Quick little introduction to the project:

  • Im writing a compiler for a language I’m designing
  • Written in Rust
  • Handwritten LL(1) parser
  • Cranelift for codegen

Preliminary syntax looks like this:

fn fib(n: i32): i32 = {
    let result: i32 = 0;
    if n <= 1 then {
        result = n;
    } else {
        result = fib(n - 1) + fib(n - 2);
    }
    return result;
}

And this code does actually run at this point in time.


I’ve been making a lot of progress over the last few weeks, and I would consider the current state of the project a good MVP, and now’s the time to really hit the brakes and think about the correctness of the pipeline. I admit it’s really quite wrong in a lot of ways.

The biggest issue is that It preforms no sort of AST validation or lowering.

Yes. I’m doing codegen directly from the loosely typed AST. This is usually how you’d do it in a toy language, or in a language with a much looser type system, but theres a couple reasons this is almost always a bad idea.

- It forces you to handle typing in the codegen phase.

This might be the most significant issue. If your language has any sort of type-system, it’s gotta go somewhere. So if it’s not its own step in the frontend section, you’re just kicking the can down the road, and increasing the complexity of the codegen phase.

The way I have it right now, the code generation code is littered with type checks. Coercions don’t exist right now, all types need to match up exactly, but if they did exist, let-alone any more complex level of inference, the codegen phase would be even more of a nightmare than it already is.

I’m still sorting out how I want to handle this from an architecture perspective. The general idea is kinda like what the parser does already; it follows a sort of “grammar” that sets up a space of possibilities and expectations for what the type of a node should be based on the nodes around it.

- Without any sort of Intermediate Representation (IR), any changes to your syntax trickles down into codegen.

I’m gonna admit that I didn’t really realize this one until encountering it directly. Until taking on this project, I wasn’t really sure what the point of IR was besides doing your own optimizations, and my choice was to let LLVM or Cranelift worry about that.

But the real benefit of IR is that it’s a stable interface between the frontend and the backend. If have an expressive enough IR, you’d be able to change or add features to your language without needing to make a special case for it in the codegen phase.

An example that really helped me understand this was the difference between loops like for, while, and do-while. In my current setup, each of these would be represented by a different Statement variant, and would need to be handled seperately during codegen. But these loops aren’t super different in how they behave; their behavior can mostly be defined by much simpler language features to reduce duplication.

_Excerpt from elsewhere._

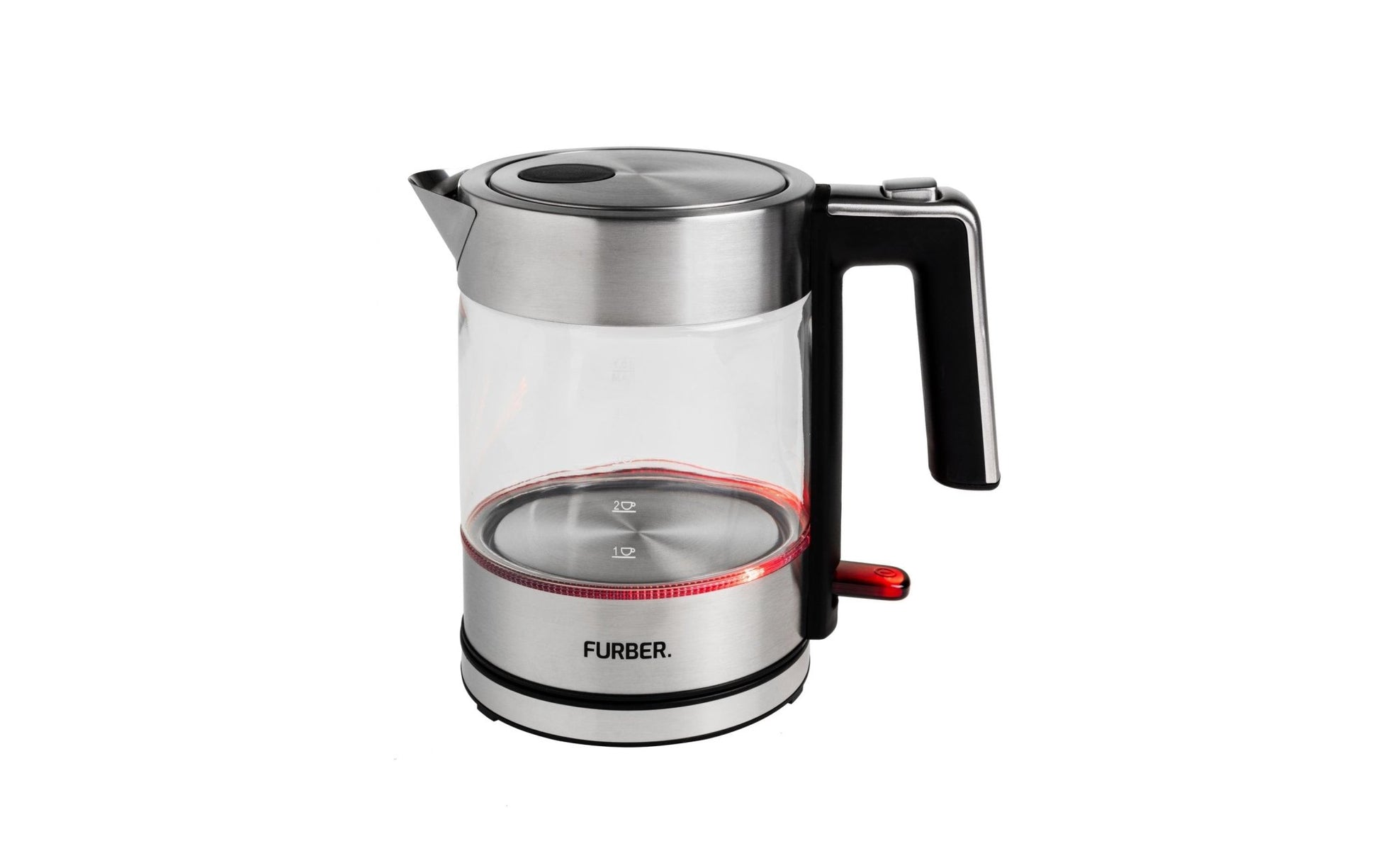 Wasserkocher Vetro 1 l, Silber/Transparent - MEGART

For example, the construction of a while loop would look something like this:

label loop_start:
    evaluate the condition
    if condition is false, jump to loop_end

    evaluate the body
    jump to loop_start

label loop_end:
    ...

And a do-while loop would look like this:

label loop_start:
    evaluate the body
    evaluate the condition
    if condition is true, jump to loop_start

label loop_end:
    ...

When you are doing code generation directly from the AST, you’d need to handle these two cases seperately, but looking at the way the loops are constructed, you can see that they’re mostly the same, and only differ in where the condition is evaluated.

So in order to be able to handle a for, while, and do-while loop in the frontend, your middle-end IR just needs to be able to represend and infinite loop, and an if statement. For example:

// while loop
loop {
    if $condition break;
    $body
}

// do-while loop
loop {
    $body
    if $condition break;
}

// for loop
loop {
    $init
    if $condition break;
    $body
    $update
}

Using an IR that can express loops like this, my language might only have one of these loop types, but implementing the others would be as simple as generating a different ordering of a much simpler set of instructions.

Now that I see the point of IR, I know that its a necessary step in the pipeline, but its not gonna be an easy retrofit. Now that I have a mostly functioning language, inserting a lowering step in the middle is gonna be very difficult, and I’m still thinking about how to properly go about it.

At this point in the project, I have basically completely stopped working on it so I can do a lot of research and learning about the academics of compiler design. I’m betting that it will be on-pause for a long while, but I’m excited to get over the hurdle and start making some of the features I’ve been most excited to explore.

When I get closer to that point, I hope to write some posts about some of the things that might set this language apart from others.